Building a Financial Future: Investing for Your Goals
In the first installment of The Foundational Investor Blog, we discussed avoiding bad debt, the benefits of investing over the long term, and the advantages of doing so in different tax-advantaged accounts, such as a 401(k) or Roth IRA.
In the second part of this two-part series, we discuss three investment concepts every investor may want to embrace:
1. The importance of diversification
2. The dangers of market timing and stock picking
3. The benefits of investing according to a plan that fits your personal goals
Get Diversified
Stock market swings can test even the strongest-willed investor in the short term. But over the long term, the market has historically shown a remarkable ability to smooth out performance and head upward. Holding a diversified portfolio of many different types of investments helps weather short-term bumps in the market and benefits from the market’s growth over time.
What is diversification? In a general sense, it’s about spreading your risks around. In investing, that means it’s more than just ensuring you have many holdings. It’s also about having many different kinds of holdings.

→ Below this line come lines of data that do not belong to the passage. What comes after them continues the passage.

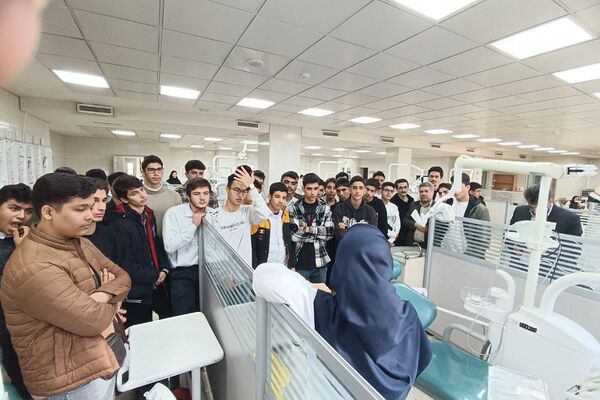 بازدید دانش‌آموزان دبیرستان شهدای علم‌ و فناوری بهارستان دو از دانشکده دندانپزشکی تهران 
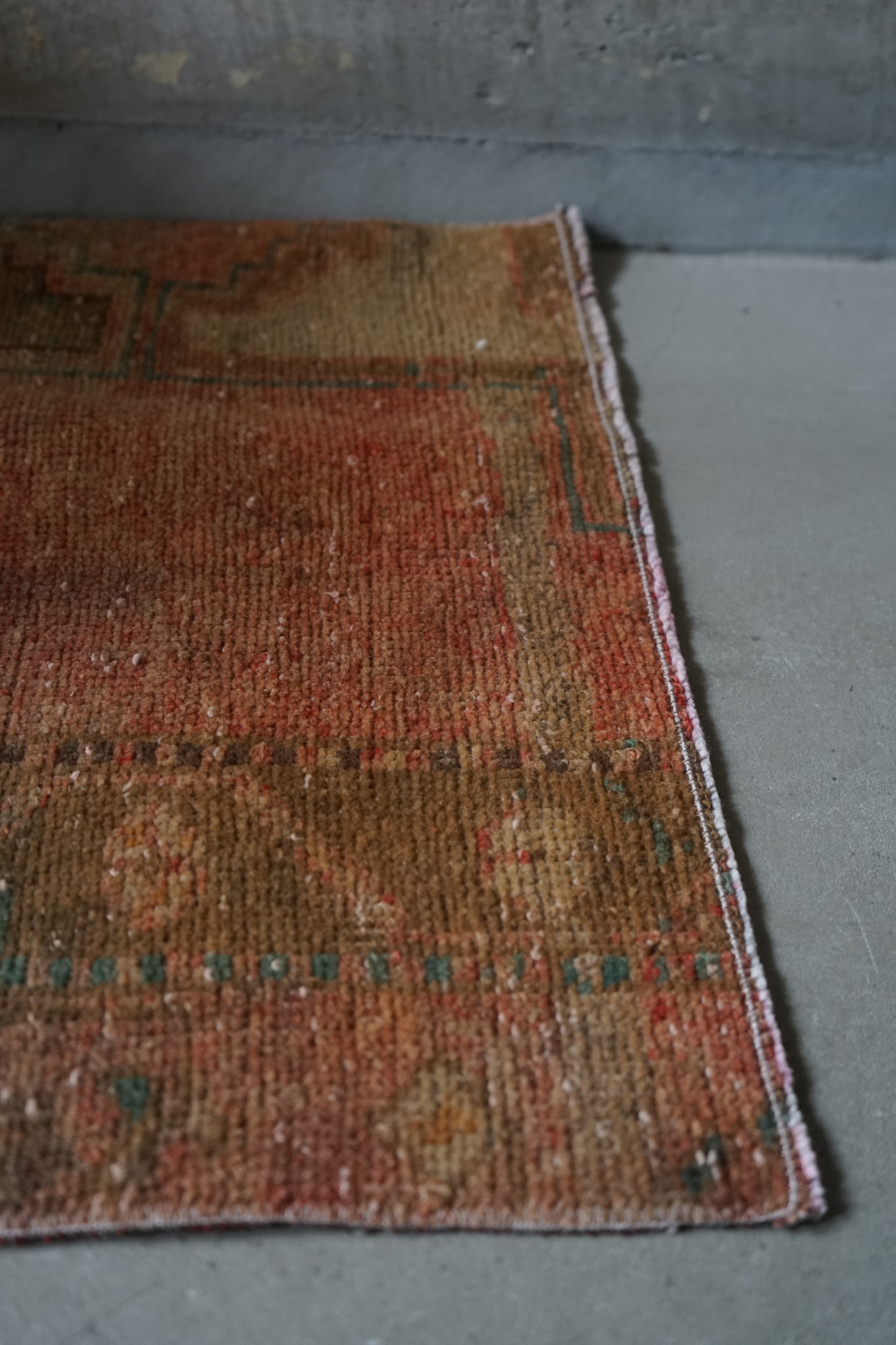 TURKEY OLD ISPARTA RUNNER 1970年代 132 × 51.5 cm No.TR25203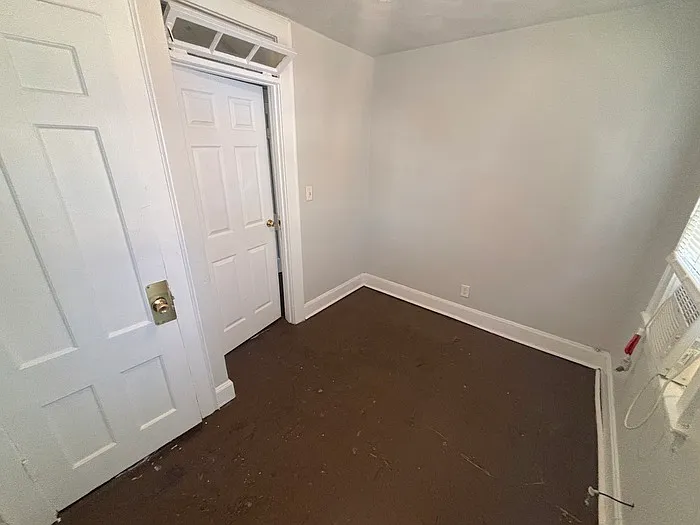 10 Emmons Pl #8 — Photo 13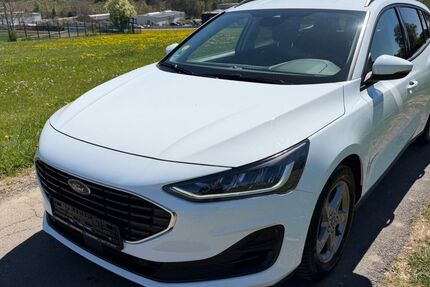 Ford Focus 52.000 km 16.990 &euro; Kirchhundem 57399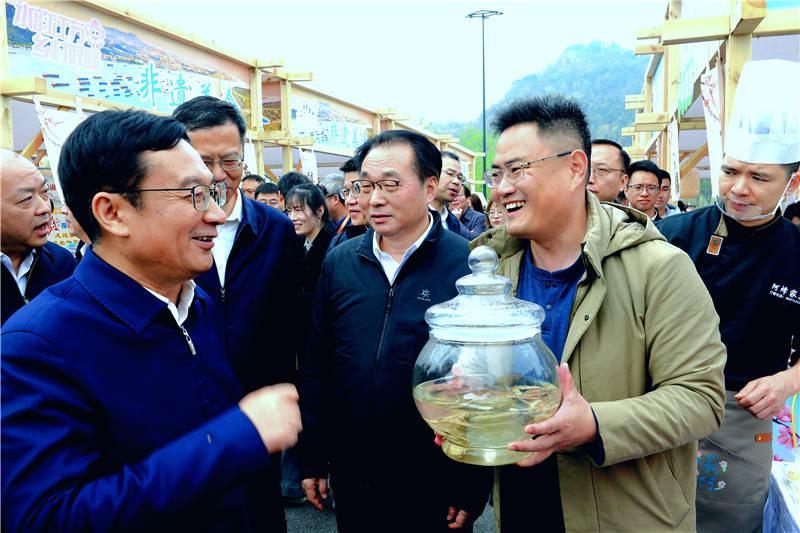 第十七届江苏省乡村旅游节在无锡阳山启动(图6) 第十七届江苏省乡村旅游节在无锡阳山启动(图6)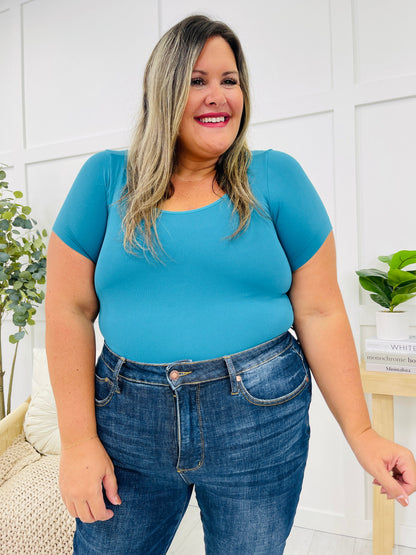 Seamless Reversible V Neck Shapewear Top In Multiple Colors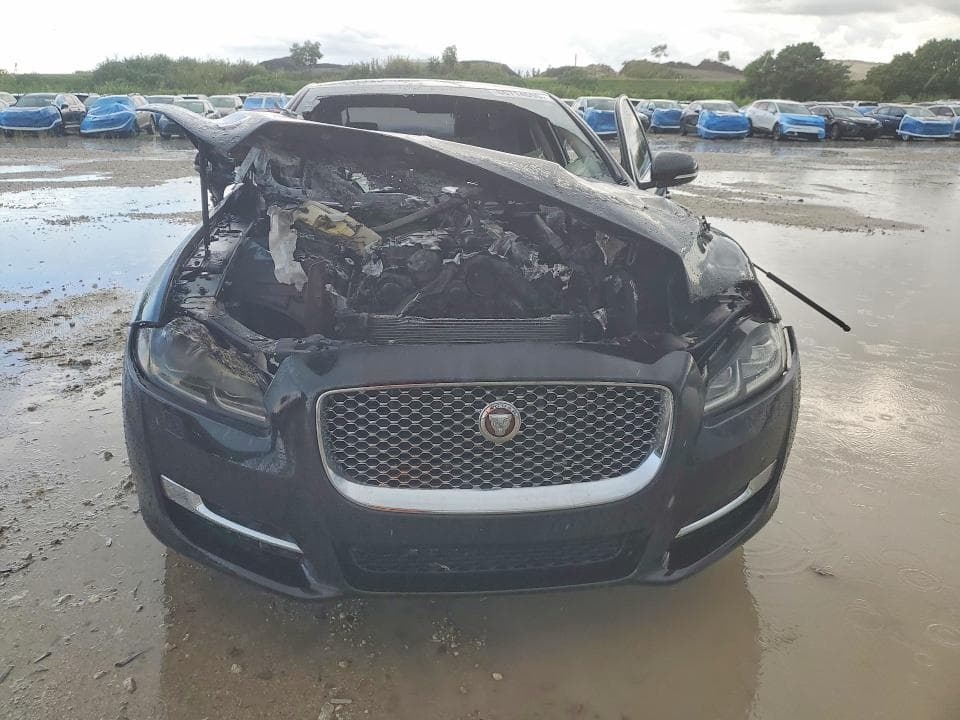 2018 JAGUAR XJ R - SPORT 5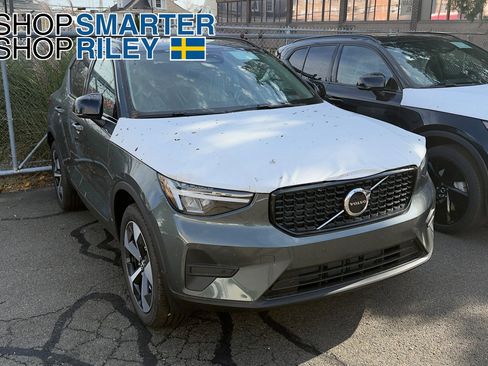 New 2026 Volvo XC40 B5 Core w/ Protection Package Premier image 1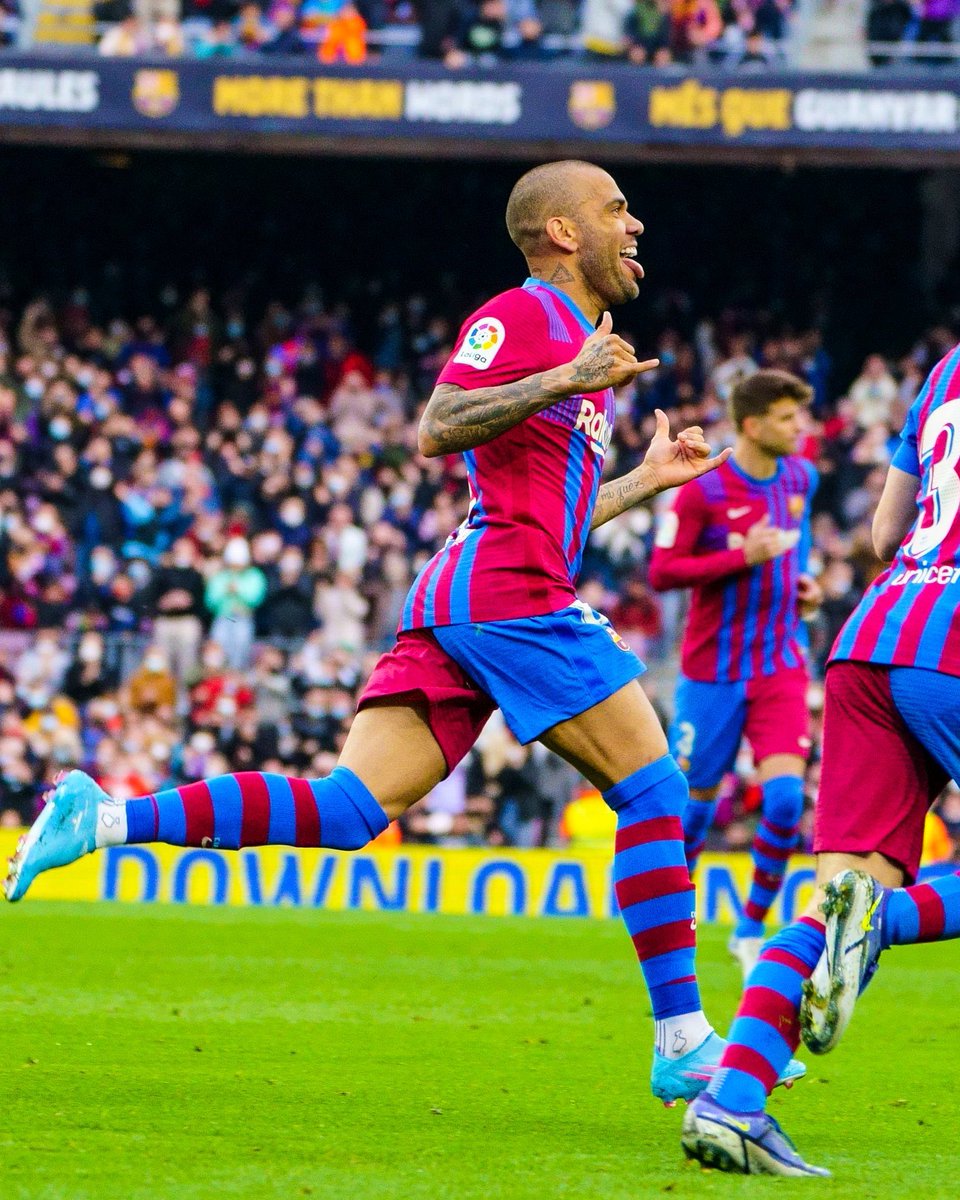 srDaniAlves's tweet photo. Jogo numeroooo 1000, o resto é história 🤙🏾🤪!! https://t.co/ZIDucKXqFc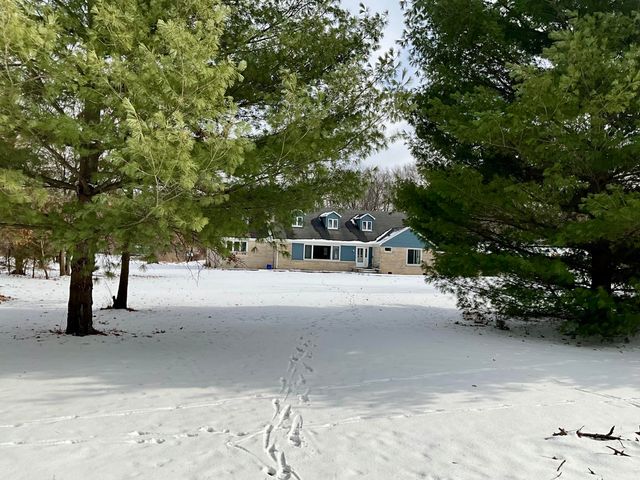 2240 S 350 E, Knox, IN 46534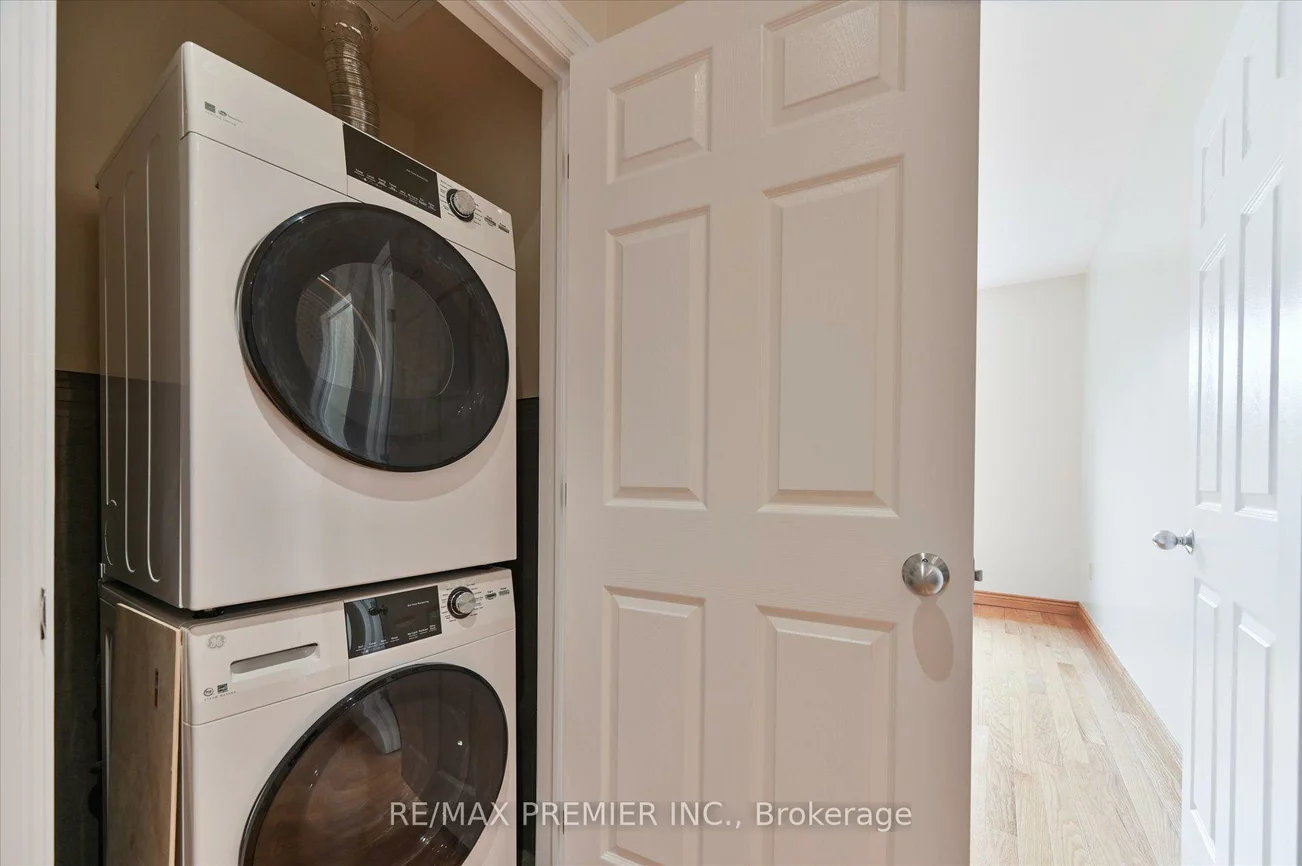 1575, Bayview, Leaside, Toronto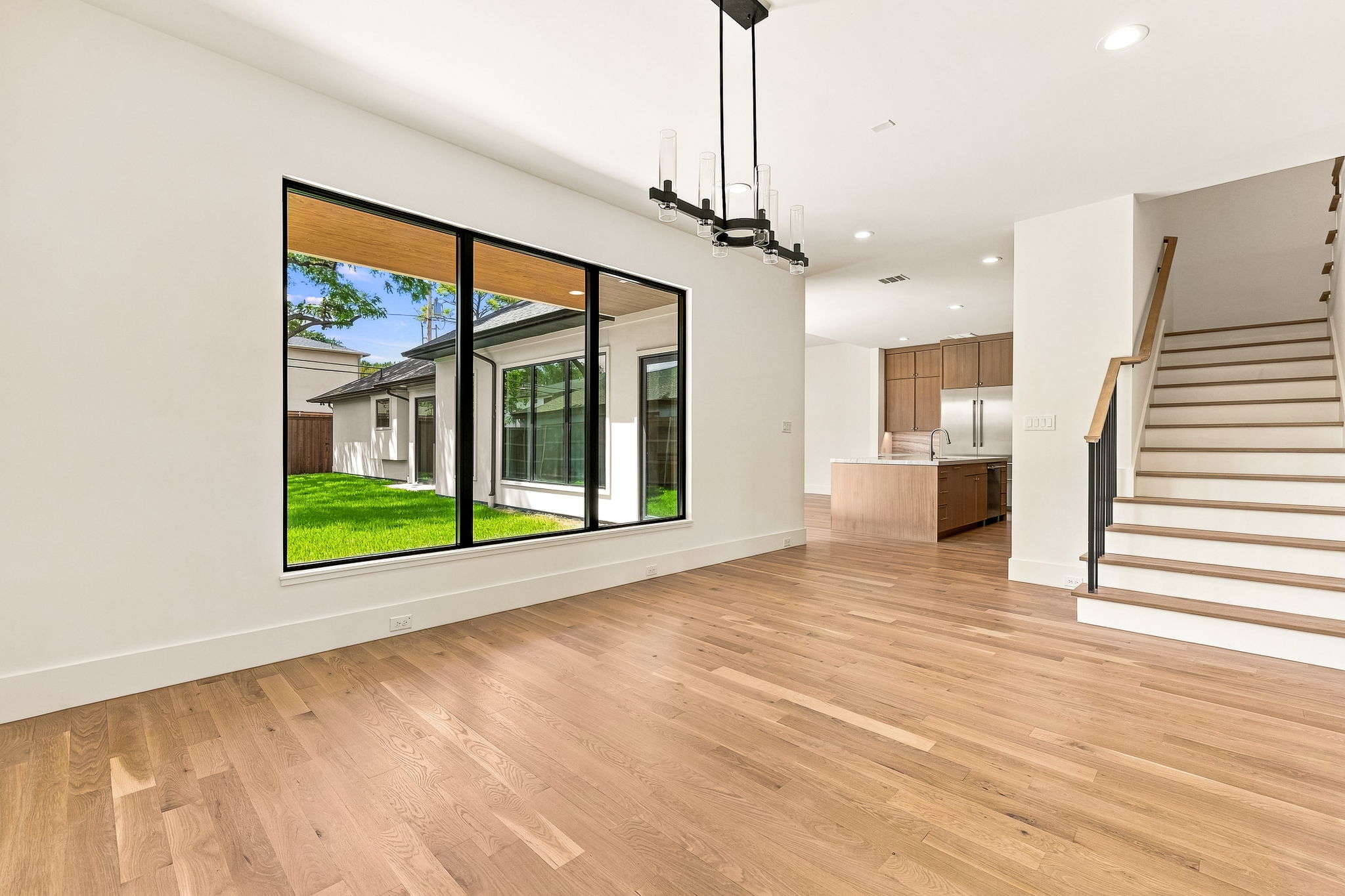 7407 Robin Road - Great Room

While this may make intuitive sense, many investors come to us believing they are well-diversified when they are not. They may own many stocks or stock funds across numerous accounts. However, upon closer analysis, we find that most of their holdings are concentrated in large U.S. company stocks or similarly narrow market exposure. Diversification works because different types of investments react differently as market conditions change. When one investment falls on hard times, others might be performing well and can buoy the overall performance of a portfolio. If all of your holdings are too similar in nature, diversification is unable to work its wonders over time.